# The Best Commercial... Ever! . . . Happy Veterans Day!



## JoeLyddon (Apr 22, 2007)

*
Yes! The Best Commercial Ever!

*


----------



## degoose (Mar 20, 2009)

I agree… and thank you to all vets…


----------



## TheDane (May 15, 2008)

Joe … Right you are! Nice tribute.

-Gerry


----------



## MarkE (Feb 26, 2008)

Thanks Joe. I hadn't seen that one for a long time. They should play it every veteran's day.


----------



## juniorjock (Feb 3, 2008)

Thanks, Joe. Very nice.


----------



## sammouri (Dec 12, 2009)

Peace, peace and peace on every part of the world, our only home.


----------



## Blackpearl (Jan 11, 2011)

I teared up on that one.

As I was coming home from Viet Nam in 1970 my plane had a stopover in Anchorage it was 3:00 AM and there was a crowd there all the guys i was with, were talking to each other saying wow this it great, Round Eye chicks!! As we got closer the name calling and spitting started.

I am still hurt about that. I risked my life so they could do that. Just not fair, but life isn't and I can still hold my head up.

I always say thank you to anyone in uniform no matter where I seen them now.


----------



## TheDane (May 15, 2008)

Cliff-Me too. Being called a 'baby-killer' didn't sound much like the 'welcome home, soldier' greeting my Dad (WWII) and older brother (Korea) got.

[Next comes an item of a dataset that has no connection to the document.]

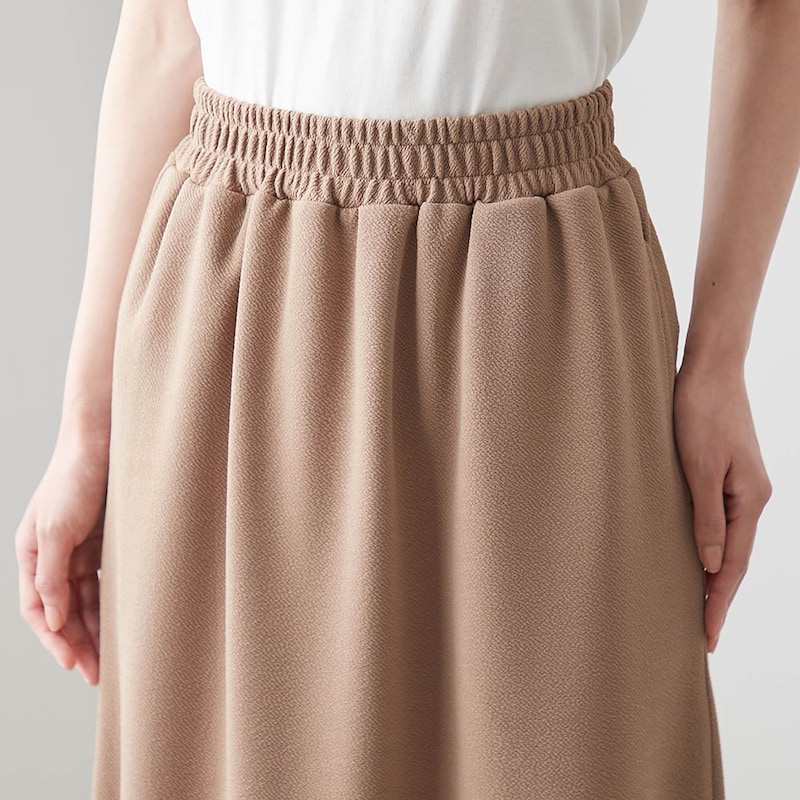 ウエストは総ゴムではきやすく着心地ラクちん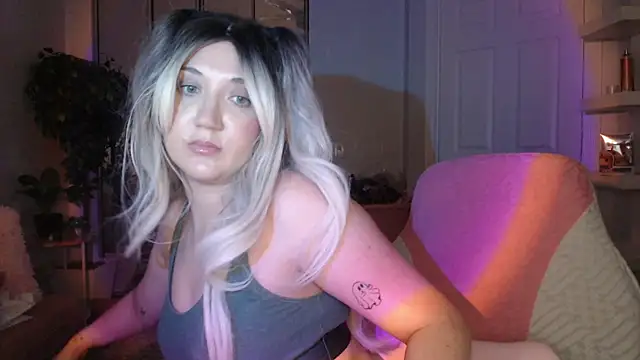 GoddessEmmy online show from April 2, 5:49 am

I don't know what I expected, but getting hit with the first lugee came as quite a surprise. We were told to avoid wearing our uniforms in public.

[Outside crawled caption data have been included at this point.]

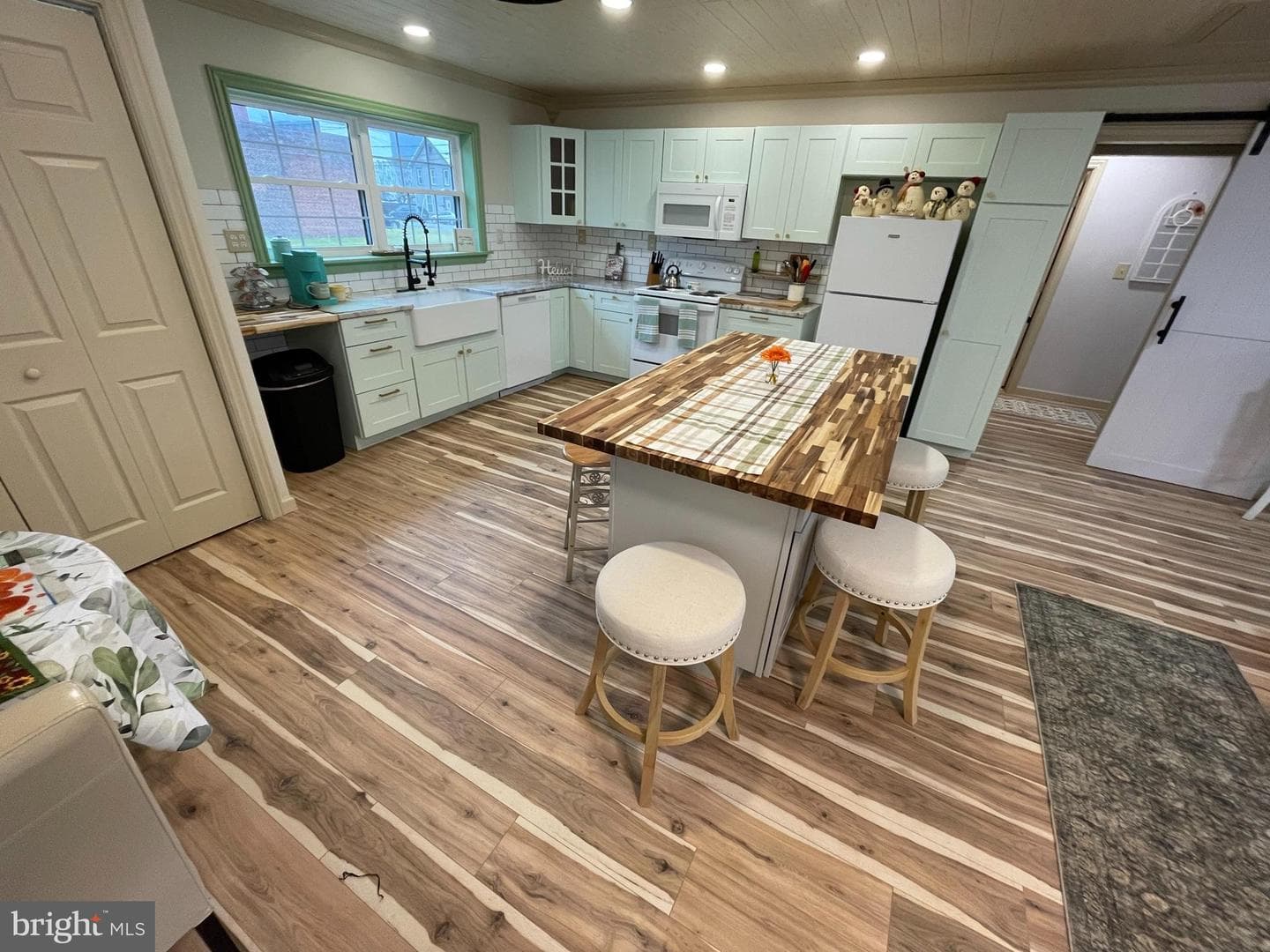 300 Erie Avenue photo 14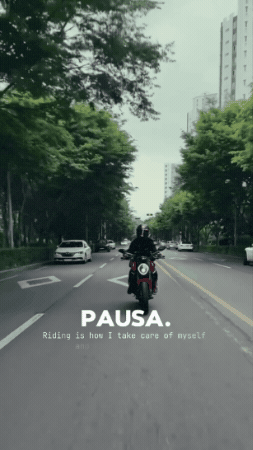 Pausa GIF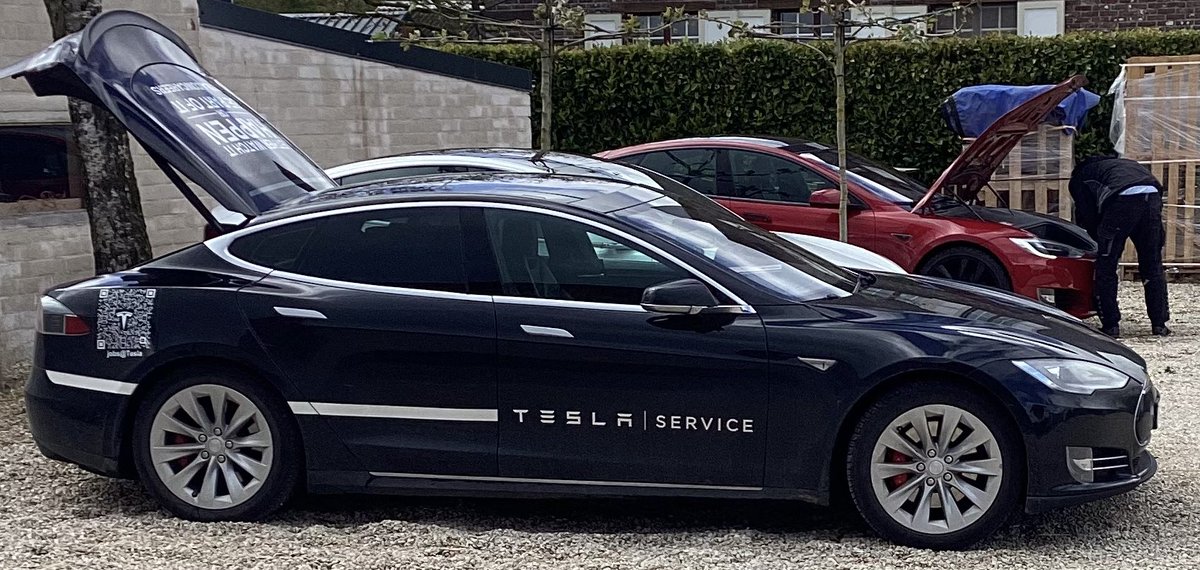 zeg nu zelf, welk merken doen nog service aan huis #TeslaMobileService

I'm glad today's patriots in uniform are being treated with a little more respect.

-Gerry


----------



## surfin2 (Oct 24, 2009)

Thanks, Very nice.


----------



## DLCW (Feb 18, 2011)

We just have to look at the leader and spokesperson for the wackos during and after Vietnam -

*COMMI-FONDA - a.k.a. JANE FONDA*

She is still a traitor and should have been tried as a traitor for aiding and abetting the enemy.

The way America treated Vietnam Vets was and still is a real embarrassment. I joined the service less then 1 year after Vietnam and was treated badly as well. In San Diego there were signs that said dogs, soldiers and sailors stay off the grass. Absolutely pathetic behavior by people.


----------



## JoeLyddon (Apr 22, 2007)

*I AGREE…

Just because she is some kind of actress, is no fricken excuse why she shouldn't be treated like any other traitor!*


----------



## derosa (Aug 21, 2010)

Look on the bright side, most people now realize the issue is the politicians that send them into harms way and not the soldiers themselves. My brother in law recently watched people cheering on a retired soldier who had just punched out someone who was verbally abusing a returning soldier in the airport. Nobody was supporting the antagonist and no one else believed that the returning soldier deserved to be treated that way. Times have changed and people's understanding has grown so that hopefully no one else will receive the treatment you guys received on your return.


----------



## JoeLyddon (Apr 22, 2007)

That's good to hear!


----------



## REK (Aug 30, 2009)

Nice Joe, lets pray they all come home alive and whole.


----------